Harry S. Truman Presidential Library & Museum


League of Nations Fishbowl Debate
Author:
Roger Leaming
Course:
AP and Honors Am History
Time Frame:
overnight assignment; 15 to 20 minutes of class time plus continued debate on a blog page
Subjects:
Treaty Of Versailles
,
League Of Nations

Grade Levels:
10, 11, 12

Classroom/Homework Activity to be performed:

Fishbowl/Open Debate over the question, The United States should have ratified the Treaty of Versailles and Joined the League of Nations

Rationale:

Students will have to research the treaty, the arguments in the U.S. about the treaty and the League, and they will have to formulate sound reasons for their stance.

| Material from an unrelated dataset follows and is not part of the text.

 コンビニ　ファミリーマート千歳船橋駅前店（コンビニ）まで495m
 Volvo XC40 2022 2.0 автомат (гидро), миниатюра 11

District, state, or national performance and knowledge standards/goals/skills met:


MISSOURI STANDARDS

2. Continuity and change in the history of Missouri, the United States and the world

6. Relationships of the individual and groups to institutions and cultural traditions

KANSAS STANDARDS

Benchmark 3: The student uses a working knowledge and understanding of individuals, groups, ideas, developments, and turning points of the Era of World War (1914-1945).

1. (A) analyzes the causes and immediate consequences of WWI (e.g., imperialism rivalries: Triple Entente, Triple Alliance, nationalism, arms race in England, France, and Germany; Treaty of Versailles, reparations, War Guilt Clause).

Benchmark 5: The student engages in historical thinking skills.

1. (A) analyzes a theme in world history to explain patterns of continuity and change over time.

Secondary materials (book, article, video documentary, etc.) needed:
Full description of activity or assignment.

Students will be given a homework (reading) assignment the night before the debate that will ask them to research the Treaty of Versailles, the League of Nations, and the debate surrounding both in the United States

Students will be given a paper with the debate question listed at the top of the paper and then split into two columns, "Pro" and "Con". They will have to list five (5) reasons under each of those columns (they will be turned in the next morning before school; teacher will quickly check each paper and hand back to the student before the debate begins) the debate will begin with two students facing each other at the front of the room, seated in chairs the teacher will begin the debate by flipping a coin to see which student starts; once decided, then the first student will begin with either a pro or con statement in relation to the question; the other student will respond with an opposite statement in counter to what the first student stated; the teacher must decide which made the more salient point; that student remains, while a new student takes the other's place; the student remaining must continue in the same vein as their first question (either pro or con) and the new student must counter in that vein; once againthe teacher decides who stays; etc.

Students may go up more than once; they can bring in any factual information about the question the teacher must make sure there is no monopolization by one student

Students will turn in a short written summary of the arguments stating which side won and what argument was most influential in convincing them in deciding that, plus what it was about that argument that persuaded them to choose it (due the next class period)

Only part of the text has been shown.